1- Try compiling your host and kernel code against the a10_ref BSP which is shipped with all the newer versions of Quartus and see if you observe the same behavior.

2- Try allocating buf_in using CL_MEM_READ_WRITE instead of CL_MEM_ALLOC_HOST_PTR to see if it makes any difference.

hiratz · ‎05-13-2019

Great!

Your recommendation 2 solved this problem :)

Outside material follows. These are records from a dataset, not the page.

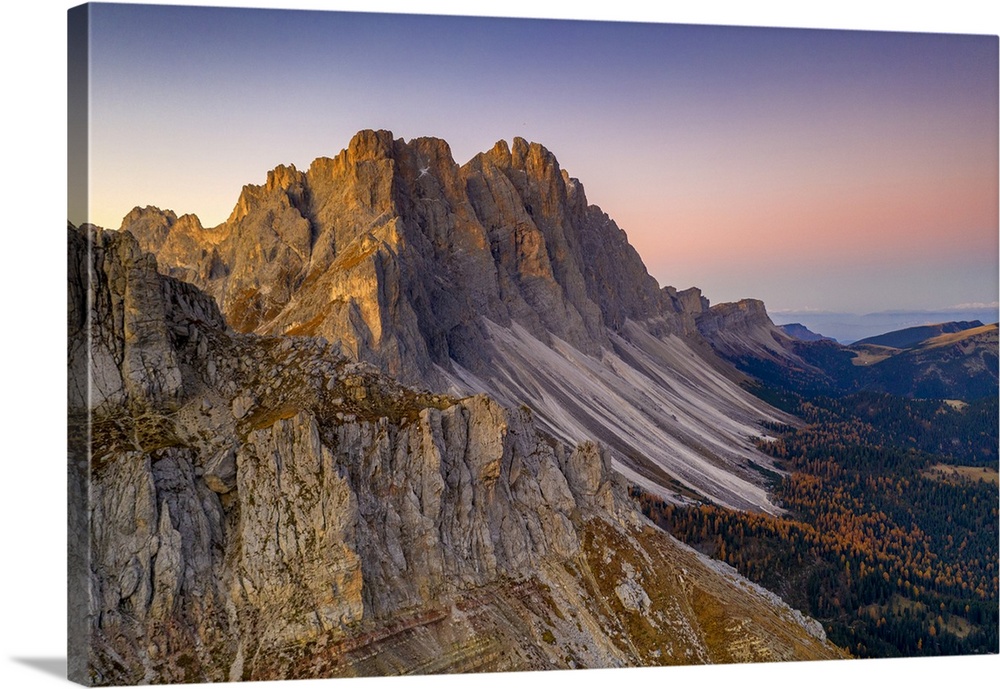 Autumn trees at feet of Furchetta and Sass Rigais, aerial view, Puez-Odle, Funes Valley, Dolomites, Bolzano, South Tyrol, ...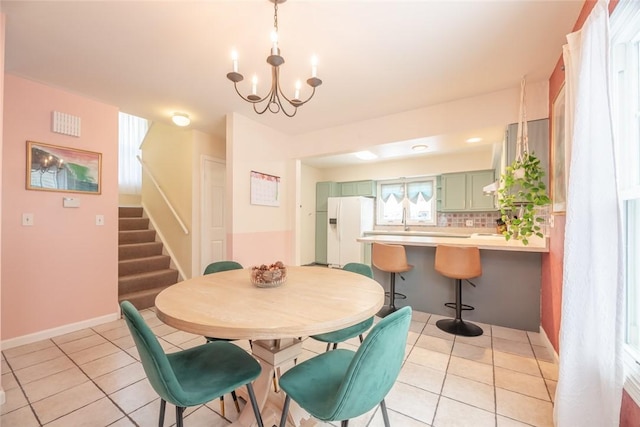 dining space featuring light tile patterned flooring, a chandelier, and sink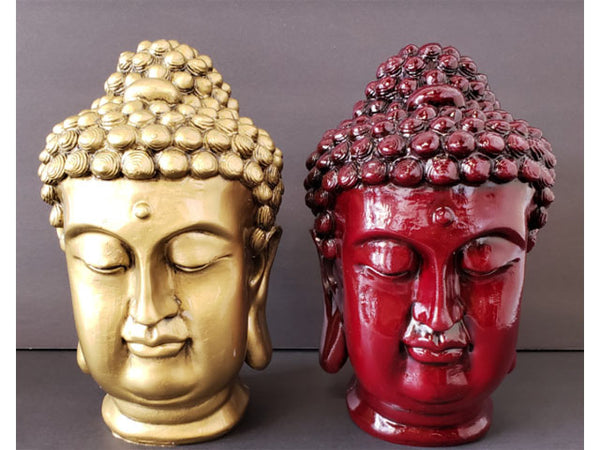 Two Buddha head statues made of resin. One painted in mahogany, the other bronze.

But the reason is still unclear. I thought one possible reason is: when using CL_ALLOC_HOST_PTR, being stuck of the kernel "Producer" makes the host code stuck and then prevent the launching of the kernel "Consumer". But it turned out that it is not this case. When I put a printf(...) behind the second "clEnqueueNDRangeKernel(...)", the output is displayed. So I guess that maybe the kernel "Consumer" is successfully put into the command queue but cannot be executed because of some unknown reason. What about your thought?

Thanks a lot!

HRZ · ‎05-13-2019

It is difficult to tell what is happening in this case. Buffer allocations that involve host pointers are implemented differently for different hardware and by different manufacturers. I have no idea how Intel's implementation works in such cases, and it might as well be buggy. Moreover, it is quite surprising that this is showing up in the emulator and only for the HARP BSP; I always assumed the behavior of the emulator is independent of the BSP. If you have a contact point inside Intel, you can consider sending them your example code to see if it is a bug in Intel's OpenCL SDK.

hiratz · ‎05-13-2019

I agree that this is probably the problem of the Intel Harp platform. I'll report this in the Harp community and see if someone can confirm this.

Thanks again!

hiratz · ‎05-14-2019

Hi HRZ,

@HRZ I got the reply from Michael Adler in the HARP community:

"The forum where you asked originally is correct. I'm sorry nobody from Intel answered. I've been poking around, hoping to find someone who will."

The link is: https://forums.intel.com/s/group/0F90P00000018wRSAQ/harp

or

https://forums.intel.com/s/question/0D70P000006IGaA/a-suspected-bug-about-the-opencl-channel-in-the-harp-platform

I'll let you know if they have more updates.